* **Information**

_ _ _ _ _ _ _

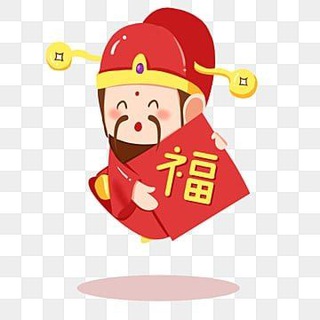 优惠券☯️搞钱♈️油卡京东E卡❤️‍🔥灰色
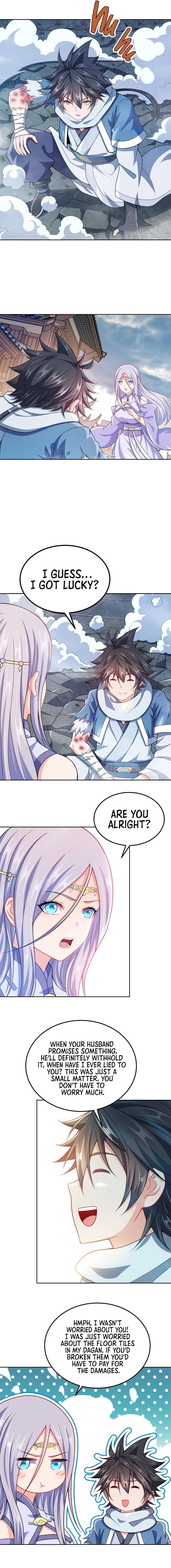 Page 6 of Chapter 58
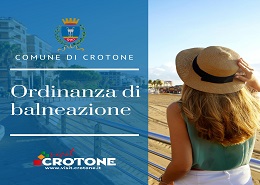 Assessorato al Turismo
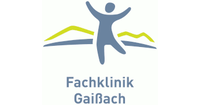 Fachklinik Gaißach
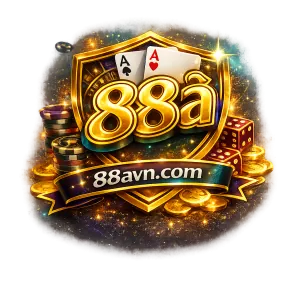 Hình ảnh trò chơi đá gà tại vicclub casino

_ _ _ _ _ _ _

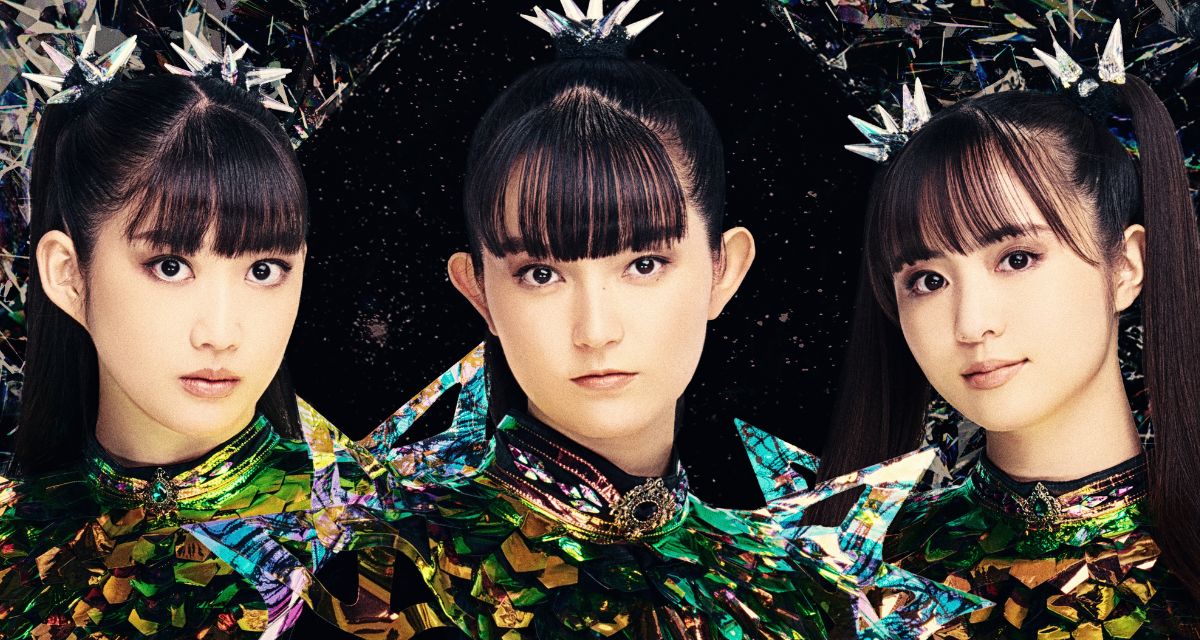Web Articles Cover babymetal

_ _ _ _ _ _ _

* **The problem**
Among the entries above, take the line with "优惠券☯️搞钱♈️油卡京东E卡❤️‍🔥灰色", the line with "Hình ảnh trò chơi đá gà tại vicclub casino", and all the lines between them, and restate them word for word without pictures.

* **Output**
 优惠券☯️搞钱♈️油卡京东E卡❤️‍🔥灰色
 Page 6 of Chapter 58
 Assessorato al Turismo
 Fachklinik Gaißach
 Hình ảnh trò chơi đá gà tại vicclub casino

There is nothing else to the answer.